"People who have experienced the Great Eastern sun are constantly gentle and fearless, whereas those who are still trapped in the world of the setting sun are aggressive and fearful. Whenever genuine sadness attempts to enter their minds, they try to block it from happening. The setting-sun version of enjoyment is to forget your gentle sadness and instead become aggressive and "happy." However, what you're experiencing is neither real happiness nor enjoyment."
-Choygam Trungpa Rinpoche, Smile at Fear
Several friends have brought this recent article in New York magazine to my attention. My first reaction to reading it was, "Oh great. Another article about how awful being a parent is." Our USian culture teems with such articles, studies, opinions on how terrible it is to be a parent. How draining children are. These stories are always full of the words "freedom" and "joy" and "happiness". As in, having children will destroy all of the above. I find these articles unsurprising, as they arise from a country, (the United States) that I believe is, if not outright hostile to children and child rearing, then definitely very ambivalent towards them.
But digging deeper, I think that these types of articles and studies actually arise naturally from the context of samsara, which I use here to mean, as Thanissaro Bhikkhu so eloquently describes, "the tendency to keep creating worlds and then moving into them. As one world falls apart, you create another one and go there." Chogyam Trungpa describes it above as "setting sun". It is our human tendency when distrustful of our basic goodness, to search for comfort in other people, other situations, other things. We keep thinking we can find happiness, freedom, joy, anywhere but right here, in the present moment, with everything contained within it. Our present minds, bodies, environs, and so on. The more we turn away from the present moment, the more we live in the past and future - dreams and fantasies. We keep thinking something different will change everything, will finally make us happy. The new job, the new partner, the new friend, the new house . . .the new and improved me. We put enormous expectations then on the job or the partner or the new and improved me, expectations of great happiness. And when those expectations are inevitably disappointed, the world crumbles (or often, we destroy it) and we move on to the next one.

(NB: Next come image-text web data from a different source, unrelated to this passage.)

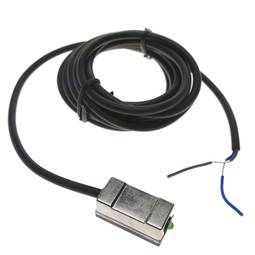 Sensore Detettore di prossimità Induttivo magnetico 5-50 V AC/DC NO 25x12x11mm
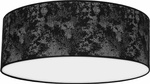 Lampa Sufitowa SATINO SILVER 3xE27  Ø50cm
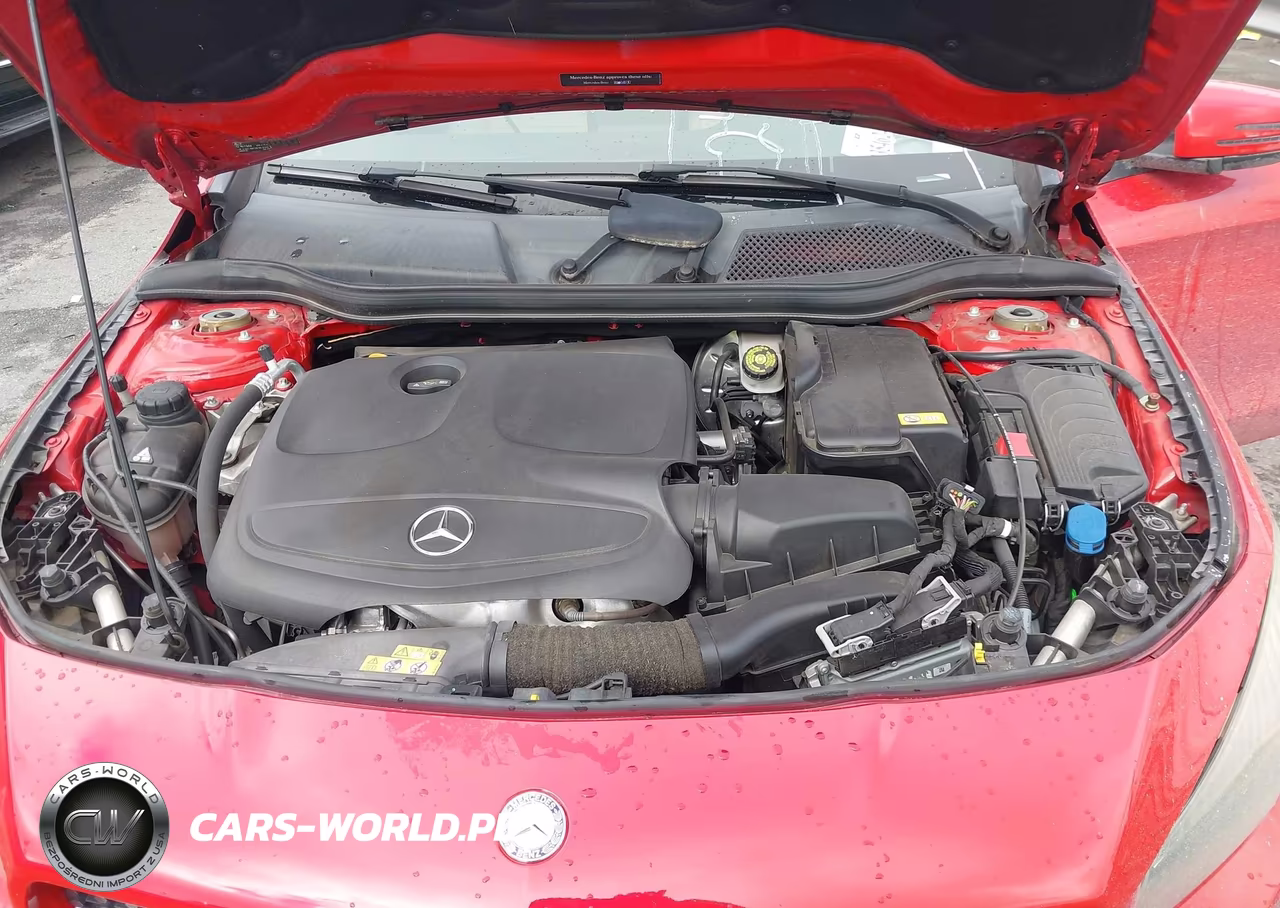 2015 Mercedes-Benz Cla 250 VIN:WDDSJ4EB4FN240029 - 10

Until we wise up to what we are doing, our children are not exempt from this search. With mindfulness, we can contemplate our relationship to our children, from conception through birth and on through raising them. We can notice if we are subtly laying on them the burden of making us happy. Of giving us joy. Of not taking away our freedom. Of confirming us in some way. Being in mindful, compassionate relationship to other beings means giving over. Giving over of one's self. Letting go of one's wish to always be comfortable. To always have the world cater to our own desires and needs. It also means letting go of our profound desire to have others confirm us. Confirm that we exist in some real, solid way. All relationships ask this of us, not just those with our children. But our children really make it clear! It can be quite shocking, how inconsiderate our children can be of our own needs. It can be quite uncomfortable, living in that space of not getting confirmation, especially from beings so dear to us. But why do we expect them to give that to us?
It's an old, tired line, right? Don't expect others to make you happy? I think the root of the problem though is we are so confused as to what real happiness is. As Chogyam Trungpa writes above, happiness is often conceived to be this cranked up, aggressive, state of untrammeled joy. Freedom to do what we want. Such a state, like all others within samsara, is impermanent and bound to change to fear, sadness, anger. Such joy and freedom are false and unsustainable. It is all about us. True happiness seems to be found in those moments when we are able to loosen our grip on ourselves and extend out to others. We can view parenting in this way - as a constant loosening and extending out to our children. Then it stops being their responsibility to make us happy.
What I have found in those moments when I am able to let go of my "self" and open to my children, is that I often feel genuinely happy. I feel present. I am able to notice the ordinary magic contained in the very ordinary things and people that surround me. This is a quiet kind of happiness. But it is very potent. And the more you open to it and allow it in, the more you will find that your children and other beings you encounter become gateways to this joy, rather than obstacles. And beneath this joy is indeed sadness. It is the beautiful, bittersweet, genuine sadness that arises from having an open, tender heart. Being touched, pierced, by the world and the beings in it.
This path isn't easy. Parenting is hard work. It is often stressful. It challenges our emotions, our physical bodies, our psyches, our bank accounts . . .but honestly, I have yet to discover any genuine path that does not pose similar challenges. As Chogyam Trungpa writes,
We are, in our own way, pioneers: each is a historical person on his own journey. It is an individual pioneership of building spiritual ground. Everything has to be made and produced by us. Nobody is going to throw us little chocolate chips or console us with goodies.